Para justificar uma futura invasão por parte das tropas imperiais (OTAN, ou NATO em Inglês), a mídia internacional novamente sobe o tom, acusando a ONU de inércia e a Rússia de vetar, no Conselho de Segurança, sanções ao país. Mostrando as vítimas de um só lado do conflito e creditando todas as mortes, mesmo que em confrontos, ao 'governo tirânico de Assad', criam o ambiente para uma percepção mundial negativa do atual governo sírio, o que justificaria qualquer tentativa de destroná-lo. É a mídia no papel de construção da imagem do outro desconhecido, moldada como uma máscara para fazê-lo parecer bom ou malvado.
Assad convoca eleições parlamentares, obtendo esmagadora maioria de votos para os membros do seu partido: analistas internacionais denunciam a eleição e dizem que 'o momento não era apropriado'. Se o povo sírio, em sua totalidade, detesta seu presidente, por que tanta gente ainda vota nos representantes do Baat, partido pelo qual foi eleito, justamente em uma hora de crise nacional?
Novas hostilidades, um massacre de civis em uma área fortemente controlada pelos insurgentes - 'a culpa é, presumivelmente, de milícias pró-Assad'. Como? Se insurgentes controlam aquela área com unhas e dentes, como milícias do outro lado entrariam lá e matariam só civis (mais de cem), abandonando a área a seguir - sem que ao menos houvesse combate? Se atacaram uma área controlada pelo FSA (Exército de Libertação Síria), porque a abandonariam logo a seguir? Uma escaramuça? Sem que ninguém visse ou sem que os insurgentes pudessem fazer nada contra, mesmo dominando a cidade inteira e a região?
Mesmo sem ter determinado a exata autoria do trágico evento, culpam os 'shabiha', que seria essa tal milícia pró-Assad. Sabemos que na Síria, além do conflito político incentivado pelo ocidente, temos agora a re-ignição do secular conflito entre seitas islâmicas -shiitas/alawitas (a minoria, com cerca de 10 % a 15% da população) e sunitas (cerca de 70% do total). Os que morreram pertenciam justamente à maioria. Novo massacre, agora contra trabalhadores públicos - a mídia agora não culpa ninguém, diz que um lado responsabiliza o outro. Agora não há condenação internacional ...
Tudo nesse conflito é nebuloso, menos nossa certeza de que é muito manipulado e induzido pelos interesses ocidentais.
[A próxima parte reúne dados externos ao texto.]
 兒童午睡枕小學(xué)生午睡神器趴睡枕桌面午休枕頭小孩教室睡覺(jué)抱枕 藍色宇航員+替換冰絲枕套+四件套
Já se fala abertamente em atacar o Irã ou o Iêmen logo a seguir, dando sequência ao dominó de regimes árabes derrubados com ajuda externa, para atender em boa parte a interesses externos. Ao que tudo indica, o Irã, por sua importância estratégica e riqueza em petróleo é a verdadeira meta final de todo esse processo. A percepção ocidental sobre Assad, durante as décadas de governo de seu pai, Hafez-Al-Assad, era de um aliado ocidental moderado: bastou seu filho comerciar com a Rússia e China para virar inimigo irreconciliável do ocidente e de seu próprio povo. A Guerra Fria acabou mesmo?
Curiosamente, outros países considerados aliados, que têm práticas e modelos políticos questionáveis, além de manterem diferenças de tratamento bem marcadas quanto ao sexo - sem falar da discriminação das minorias - tais como Arábia Saudita e Emirados Árabes, não são molestados pelo ocidente. Pelo contrário, tudo é feito para blindá-los e impedi-los de fazer parte do dominó, quero dizer, da primavera árabe. Nesses países, nos quais o poder político também é autocrático (monarquias) e nos quais os costumes também são tradicionalistas e onde a ligação entre Estado e Religião é absoluta, não se incentiva a criação de protestos libertários e muito menos de 'exércitos insurgentes': aqui não haverá revolução!